데이터 전처리(preprocessing)

데이터 출처 keras data set

IRIS 에 데이터모델 EDU_ML_boston_house 로 생성합니다.

필드 설명

feature	description
crim	자치시(town)별 1인당 범죄율
zn	25,000 평방 피트를 초과하는 거주지역의 비율
indus	비소매상업지역이 차지하고 있는 토지의 비율
chas	찰스강의 경계에 위치한 경우는 1, 아니면 0
nox	10ppm 당 농축 일산화질소
rm	주택 1가구당 평균 방의 수
age	1940년 이전에 건축한 소유주택 비율
dis	보스톤 직업센터까지의 접근성 지수
rad	방사형 도로까지의 접근성 지수
tax	10,000 달러당 재산세율
ptratio	자치시(town)별 학생/교사 비율
b	자치시(town)별 흑인의 비율
lstat	모집단의 하위 계층의 비율
medv	본인 소유의 주택가격 중앙값(단위 $1000)

13개 변수중 범주형변수 chas ( 강의 경계일 때는 1, 아닐 때는 0) 를 제외하고, 각각의 변수들은 측정값의 단위가 다르기 때문에 스케일링이 필요합니다.
chas 를 제외한 feature 변수 12개에 standard scaling 을 적용하고 s_기존변수 이름으로 생성합니다.

* | scaler standard crim to s_crim, zn to s_zn, indus to s_indus, nox to s_nox, rm to s_rm, age to s_age, dis to s_dis, rad to s_rad, tax to s_tax, ptratio to s_ptratio, b to s_b, lstat to s_lstat

1차 학습 모델 생성 (fit)

1차 모델은 scaling한 변수12개, 범주형 변수 chas => 설명 변수(X) 13개 전체로 GeneralizedLinearRegression 알고리즘의 예측모델을 생성합니다.

데이터모델 EDU_ML_boston_house 의 80% 를 random sampling 하여 training data 로 삼아 학습을 진행합니다.

* | scaler standard crim to s_crim, zn to s_zn, indus to s_indus, nox to s_nox, rm to s_rm, age to s_age, dis to s_dis, rad to s_rad, tax to s_tax, ptratio to s_ptratio, b to s_b, lstat to s_lstat
  | sampling RATIO 0.8

  | fit GeneralizedLinearRegression FEATURES s_crim, s_zn, s_indus, chas, s_nox, s_rm, s_age, s_dis, s_rad, s_tax, s_ptratio, s_b, s_lstat
                                    LABEL medv maxIter=30 regParam=0.1 fitIntercept=True solver=irls

첫번째 fit 결과

2차 학습 모델 생성 (fit)

두번째 학습 모델에서는 첫번째 fit 결과에서 pValues 가 0.05 보다 큰 s_age, s_indus 를 빼고 11개 설명변수로 예측모델을 생성합니다.

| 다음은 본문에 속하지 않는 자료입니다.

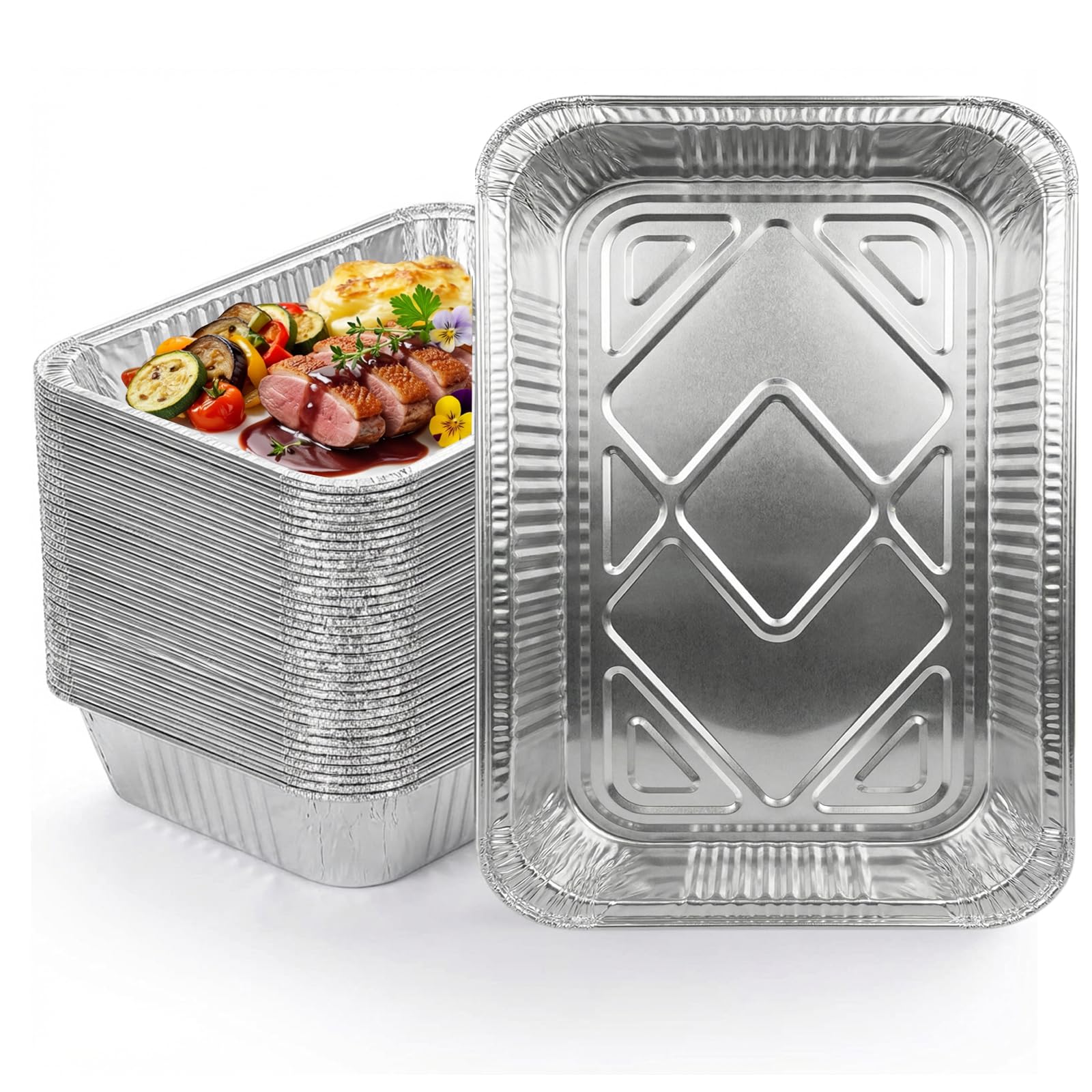 Bandejas de aluminio grandes 4900ml de 15 piezas para hornear y asar platos familiares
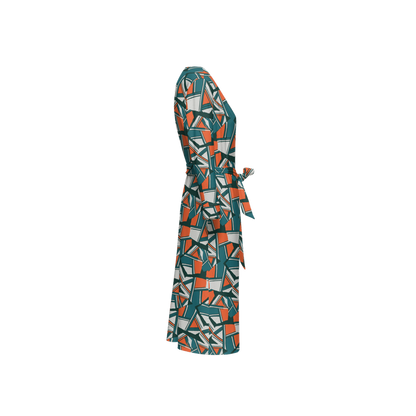 Women's ¾ Sleeve Wrap Dress-Orange and Green Boulders Print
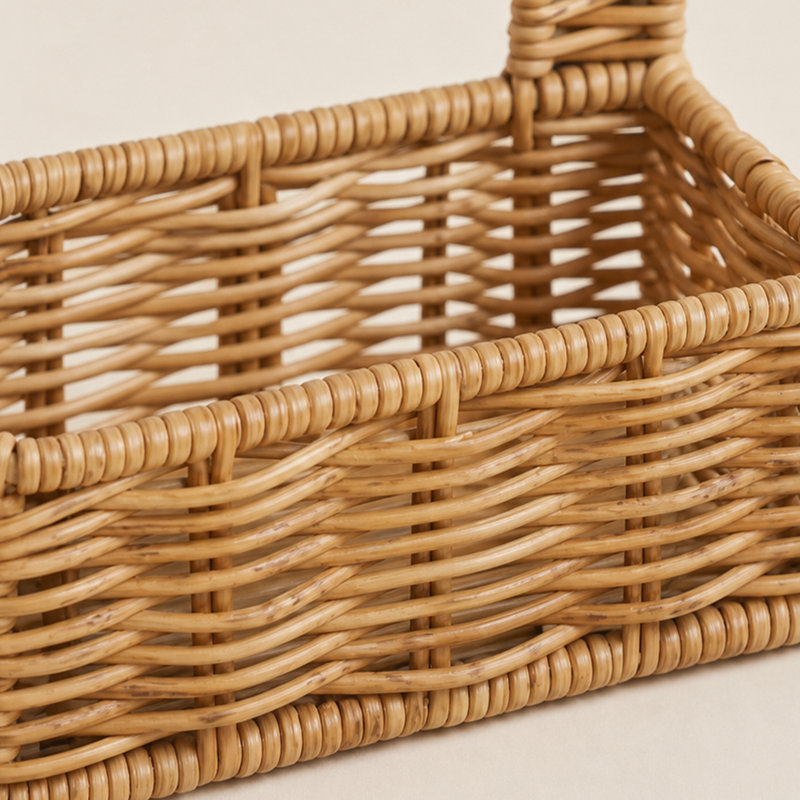 Porte-serviette en rotin tissé avec poivre et sel - Organisateur de table rustique pour la cuisine ou la salle à manger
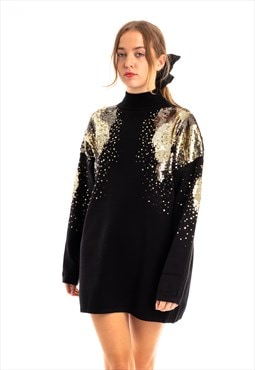 Gold Sliver Mix sequin embellished front and sleeves design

.. | fit generalizedlinearregression FEATURES s_crim, s_zn, chas, s_nox, s_rm, s_dis, s_rad, s_tax, s_ptratio, s_b, s_lstat
                                     LABEL medv maxIter=30 regParam=0.1 fitIntercept=True solver=irls INTO GLM_house_model_02

두번째 fit 결과

13개 변수 전체로 만든 1차 모델보다 11개 변수로 만든 두번째 모델의 RMSE(RootMeanSquaredError) 가 더 작습니다. (4.7499 -> 4.6192) 따라서 두번째 모델 “GLM_house_model_02” 으로 예측값을 구해 봅니다.

테스트 데이터로 예측하기 (predict)

11개 설명변수로 생성한 두번째 학습 모델 “GLM_house_model_02” 로 test 데이터를 대상으로 주택가격(medv)을 예측합니다. 테스트 데이터 역시 training 데이터에서 사용한 standard scaling 을 그대로 사용하여 정규화 한 후 예측에 사용합니다.

아래 검색어는 전체 데이터에 스케일링 적용 후 20% 의 데이터를 random sampling 하여 테스트데이터로 삼아서 예측할 때의 검색어입니다. 예측값 prediction 과 실제값 medv 의 차이를 계산하여 예측오차 까지 구해 봅니다.

* | scaler standard crim to s_crim, zn to s_zn, indus to s_indus, nox to s_nox, rm to s_rm, age to s_age, dis to s_dis, rad to s_rad, tax to s_tax, ptratio to s_ptratio, b to s_b, lstat to s_lstat
  | sampling RATIO 0.2

  | fields s_crim, s_zn, chas, s_nox, s_rm, s_dis, s_rad, s_tax, s_ptratio, s_b, s_lstat,medv

  | predict demo.GLM_house_model_02  s_crim, s_zn, chas, s_nox, s_rm, s_dis, s_rad, s_tax, s_ptratio, s_b, s_lstat

  | fields medv, prediction
  | calculate medv - prediction as estimateErr

실행 결과

예측오차는 주택가격이 고가일수록 예측 오차가 증가하는 것으로 보입니다.

즉 종속변수(Y)인 주택가격(medv) 역시 변환이 필요합니다.!!! => 로그변환필요

데이터 전처리 프로세스에 주택가격 로그변환 추가

기존 13개 feature 변수를 standard scaling 변환 + medv 변수의 로그 변환(log10_medv)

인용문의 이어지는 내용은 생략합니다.